▼▼▼
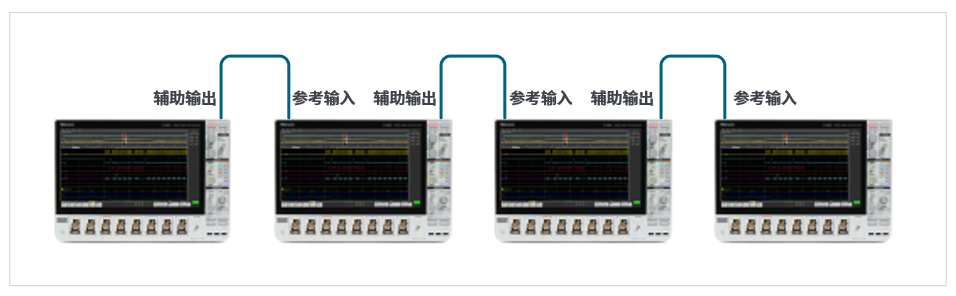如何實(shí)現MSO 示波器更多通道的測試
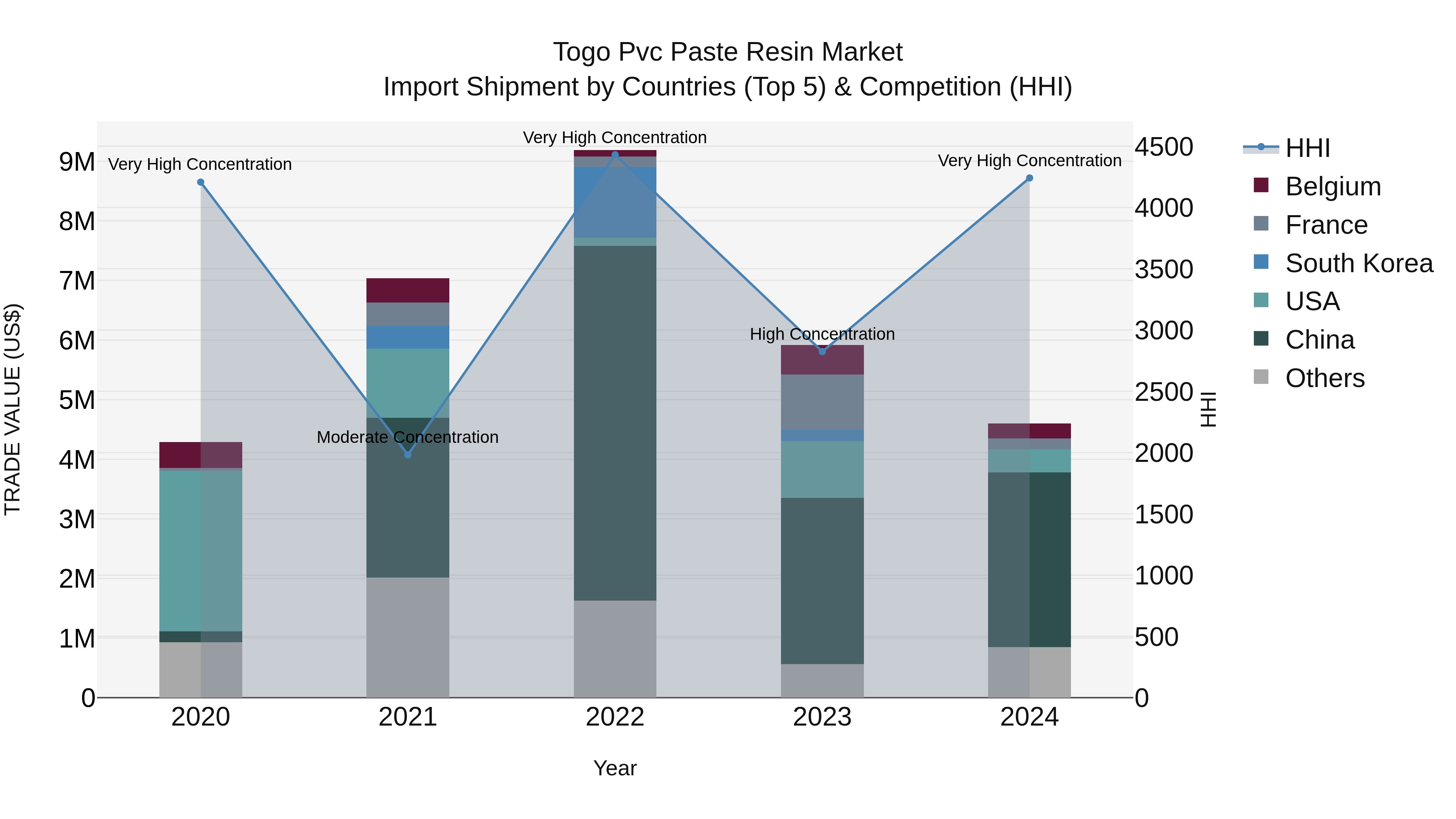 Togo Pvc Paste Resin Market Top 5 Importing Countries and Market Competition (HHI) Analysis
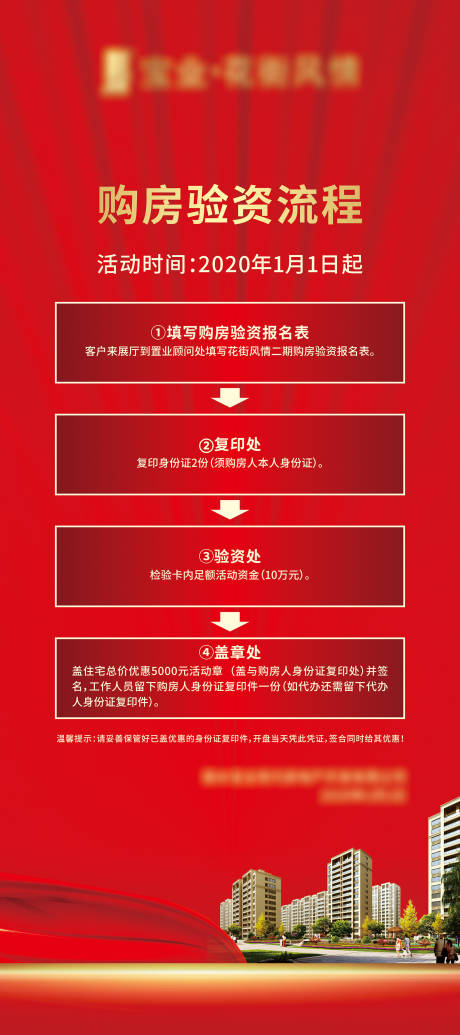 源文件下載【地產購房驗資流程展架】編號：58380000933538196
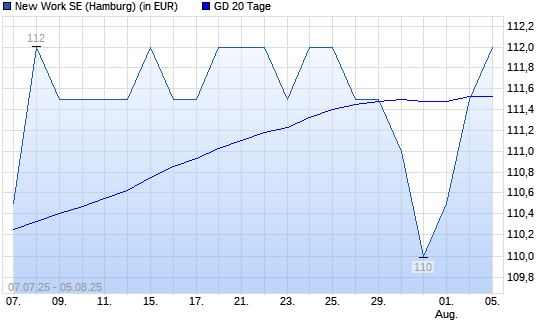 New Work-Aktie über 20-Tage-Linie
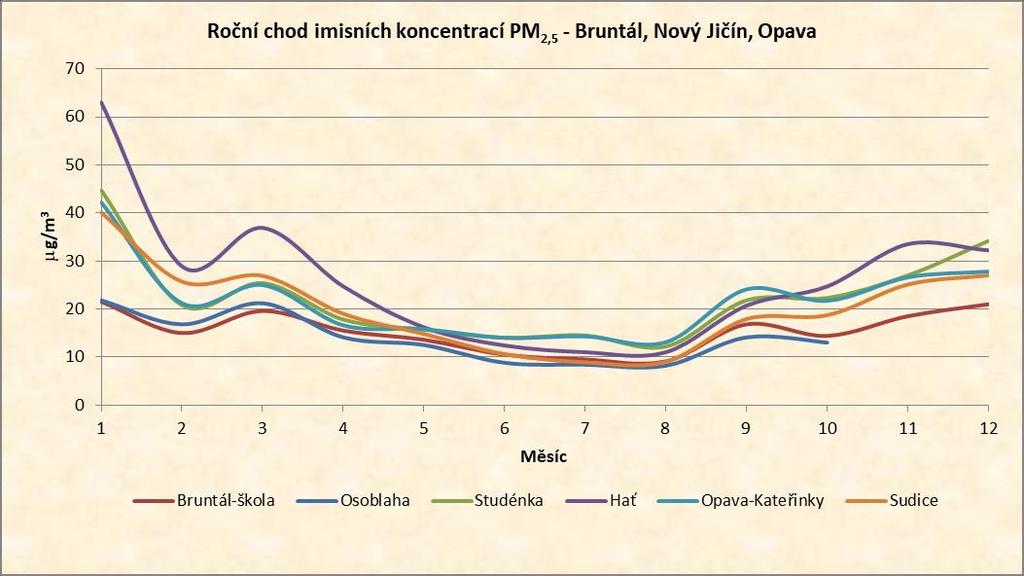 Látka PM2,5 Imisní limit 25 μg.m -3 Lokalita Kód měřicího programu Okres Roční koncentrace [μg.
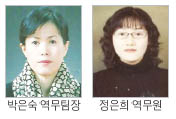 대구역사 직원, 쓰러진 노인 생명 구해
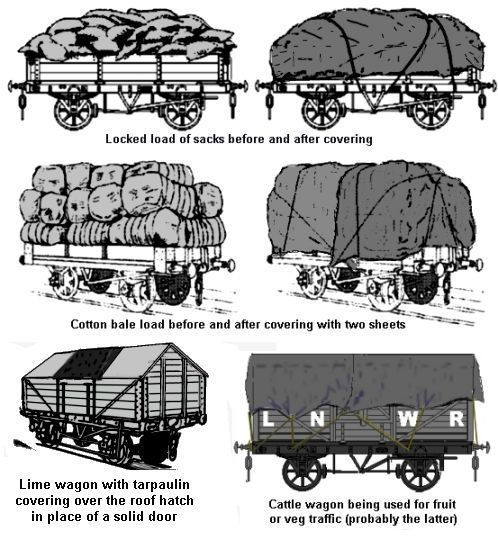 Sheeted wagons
▲▲▲
**Goal of the exercise**
Please set down the records exactly, and keep every image out of the copy.

**Response for this exercise**
如何實(shí)現MSO 示波器更多通道的測試
 Togo Pvc Paste Resin Market Top 5 Importing Countries and Market Competition (HHI) Analysis
 源文件下載【地產購房驗資流程展架】編號：58380000933538196
 New Work-Aktie über 20-Tage-Linie
 Látka PM2,5 Imisní limit 25 μg.m -3 Lokalita Kód měřicího programu Okres Roční koncentrace [μg.
 대구역사 직원, 쓰러진 노인 생명 구해
 Sheeted wagons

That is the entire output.